Management Shuffle at Apple Could Lead to Better Designs, More Synergies
In a game of musical chair that left Apple’s former mobile software head Scott Forstall without a seat at the management table led by CEO Tim Cook, Apple’s recent reshuffling of key executives may have a more profound impact on the company’s designs moving forward and could help disparate operating groups achieve greater synergies together. In a recent Wall Street Journal article, Apple is described as a company where silos for secrecy will slowly begin to break down in order for increased collaboration and synergy.
And there may be some truth to that in a post-Steve Jobs era at Apple, Inc. Jonathan Ive, whose name is synonymous with the killer hardware designs that he has crafted for Apple, now works with executive Greg Christie on the software side. The two have been described as “pleasant and cordial” together.
And perhaps this may be a good thing, despite the increasing number of leaks behind Apple’s flagship product launches in recent years after having been in a culture of secrecy. With the next version of the iOS operating system, Apple is said to be abandoning its skeuomorphic design for icons that was championed by outgoing exec Forstall in favor of a simpler, more minimalist and flatter design that is part of Ive’s vision. Even HTC is slowely moving away from skeuomorphic designs with its latest Sense UI, boasting simpler, flatter icons.
Some suggested that in Apple’s next mobile operating system, Ive is pushing a more “flat design” that is starker and simpler, according to developers who have spoken to Apple employees but didn’t have further details. Overall, they expect any changes to be pretty conservative. For the past few years, Apple has unveiled versions of its mobile operating system in the summer.
And now Craig Federighi oversees both Mac and iOS software teams, leading to speculation that there may be even more crossovers and similarities between Apple’s desktop and mobile operating systems. This may be a good thing. More recently, Google announced a similar strategy that saw Android head and founder Andy Rubin with a sudden change of role in the company and now Android and Chrome OS are headed by Sundar Pichai.
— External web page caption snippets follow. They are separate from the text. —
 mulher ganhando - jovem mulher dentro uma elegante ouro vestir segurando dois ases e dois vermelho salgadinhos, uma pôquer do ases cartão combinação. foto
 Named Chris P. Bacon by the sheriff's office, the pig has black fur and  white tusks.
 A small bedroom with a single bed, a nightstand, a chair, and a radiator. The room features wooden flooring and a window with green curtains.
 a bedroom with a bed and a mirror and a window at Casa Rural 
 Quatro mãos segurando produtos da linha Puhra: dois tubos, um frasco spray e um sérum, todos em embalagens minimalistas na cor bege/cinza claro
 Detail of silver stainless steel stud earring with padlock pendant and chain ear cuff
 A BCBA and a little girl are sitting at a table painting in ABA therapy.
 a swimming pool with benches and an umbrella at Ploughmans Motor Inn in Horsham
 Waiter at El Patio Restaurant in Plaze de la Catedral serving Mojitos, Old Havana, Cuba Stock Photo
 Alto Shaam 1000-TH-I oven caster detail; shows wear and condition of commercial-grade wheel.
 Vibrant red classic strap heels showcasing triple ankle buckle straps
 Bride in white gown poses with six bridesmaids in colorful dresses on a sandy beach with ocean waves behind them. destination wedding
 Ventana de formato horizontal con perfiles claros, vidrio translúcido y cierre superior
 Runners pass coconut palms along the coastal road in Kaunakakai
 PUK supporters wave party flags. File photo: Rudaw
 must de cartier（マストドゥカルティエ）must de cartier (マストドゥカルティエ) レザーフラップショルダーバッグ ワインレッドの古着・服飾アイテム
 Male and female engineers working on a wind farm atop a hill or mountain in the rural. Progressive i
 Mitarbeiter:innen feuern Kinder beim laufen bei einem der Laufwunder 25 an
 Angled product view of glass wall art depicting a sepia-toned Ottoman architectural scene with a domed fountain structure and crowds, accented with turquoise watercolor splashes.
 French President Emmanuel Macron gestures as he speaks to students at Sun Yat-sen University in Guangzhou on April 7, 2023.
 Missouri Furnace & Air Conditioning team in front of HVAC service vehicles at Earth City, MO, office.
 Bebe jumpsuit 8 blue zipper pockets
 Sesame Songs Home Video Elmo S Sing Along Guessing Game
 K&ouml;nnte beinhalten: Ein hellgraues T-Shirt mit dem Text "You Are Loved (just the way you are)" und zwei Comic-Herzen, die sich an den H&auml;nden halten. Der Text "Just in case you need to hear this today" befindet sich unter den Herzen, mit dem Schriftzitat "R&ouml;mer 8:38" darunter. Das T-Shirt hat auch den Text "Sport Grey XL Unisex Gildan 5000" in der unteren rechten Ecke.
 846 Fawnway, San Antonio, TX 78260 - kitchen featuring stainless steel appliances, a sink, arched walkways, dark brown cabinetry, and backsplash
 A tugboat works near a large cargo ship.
When iOS first started, it relied on the same design and apps that were ported from OS X, but in more recent times Apple’s desktop OS X platform has borrowed a lot from its mobile counterpart. Notifications, multitasking, full-screen apps, and an OS X app store were all inspired from iOS. This has led to some speculation on whether personnel will be combined after Federighi oversees both platforms.
There is lots of overlap between the two groups, such as two teams working on calendar software; whether the two would be combined after Federighi took over both was a big question among employees in the division, the people close to the company say
And though computing today encompasses mobile (iPhone and iPad) and desktop, Apple may be prepping itself and re-organizing its staff to make room for future innovations. The company has been rumored to be working on iTV, iWatch, and iCar products.
And more recently, Cook tapped Adobe’s CTO Kevin Lynch for a job at Apple. It’s uncear what Lynch’s new role will be, especially considering that Lynch had publicly battled with Apple and Jobs in the past over Apple’s refusal to incorporate the Adobe Flash plugin into its mobile iOS product. If Lynch’s role at Apple parallels what he does for Adobe, perhaps he will help Apple hedge its bets on what technology to invest in next.
After a series of two hires that did not work out, CEO Tim Cook’s new management will be carefully examined for the products it releases, and we’ll hopefully see how the teams operate when the new iPhones and iPads debut this fall.